As we continue on into the early parts of a new year fraught with uncertainty, questionable information sources and increasing attempts at deception – four must review features bloom here in the ever-expanding DaveCromwellWrites universe. The act of writing is a solitary pursuit that requires inspiration to make it work. The artists covered here have provided ample amounts of that, allowing sentences to spark and flow from a rewarding listening experience. With that, we dive in to the mid-February 2021 DCW reviews.
Pulling together a collection of songs written and recorded over the past two years, Indiepop veteran Tom Lugo has now released his latest Panophonic album “AWAKENING.” The Philadelphia based musician has been running his own independent Patetico Recordings label for a number of years now, putting out a steady flow of albums, EP's and singles with a variety of bands and collaborations.

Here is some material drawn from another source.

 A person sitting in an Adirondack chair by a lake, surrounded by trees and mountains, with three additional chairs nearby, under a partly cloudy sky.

Under his Panophonic brand, Tom works as a solo artist (with only one single collab on the final track), writing everything, playing all guitars, bass, drum programming along with producing, mixing and mastering the tracks. Quite an impressive feat, even in these more accessible home-recording times. Opening track “Shine” comes out blazing, with razor-sharp slashing guitars, counterpoint bass melody and synthetic hissing high-hat percussion. Vocals are pitched low, reverberated and delivered in that William Reid style heard on early Jesus and Mary Chain recordings. After 45 seconds the chorus erupts with additional guitars layering over a sea of vocals creating the blissful sensation more aligned with the band Ride.

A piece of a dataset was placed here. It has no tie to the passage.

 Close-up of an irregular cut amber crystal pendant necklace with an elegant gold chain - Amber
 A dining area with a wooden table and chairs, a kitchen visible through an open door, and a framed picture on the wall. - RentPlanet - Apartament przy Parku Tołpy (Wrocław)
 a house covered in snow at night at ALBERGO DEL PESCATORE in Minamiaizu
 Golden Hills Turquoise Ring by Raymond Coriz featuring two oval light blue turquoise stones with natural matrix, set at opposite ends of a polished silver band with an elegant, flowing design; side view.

Follow-up cut “Drive” changes gears with bright, chiming acoustic guitars leading the way. The drum track is fuller and more traditional trap-set oriented, while an extended note melody line emerges out of the mist. Vocals come on in middle register tone and romantic-pop phrasing with key phrases like “we'll forget all the pain as we drive it away.” Third track “Evermore” introduces tinkling glass-bottle textures as the introduction to what eventually evolves into a bass and acoustic guitar progression. Vocals are processed and delivered with a careful diction not unlike much of John Lennon's work. There's even bits of Beatle-y bass and 'Walrus' inspired rising cello approximations sprinkled in. “For the rest of our lives, living like it's paradise,” is the repeated hook refrain.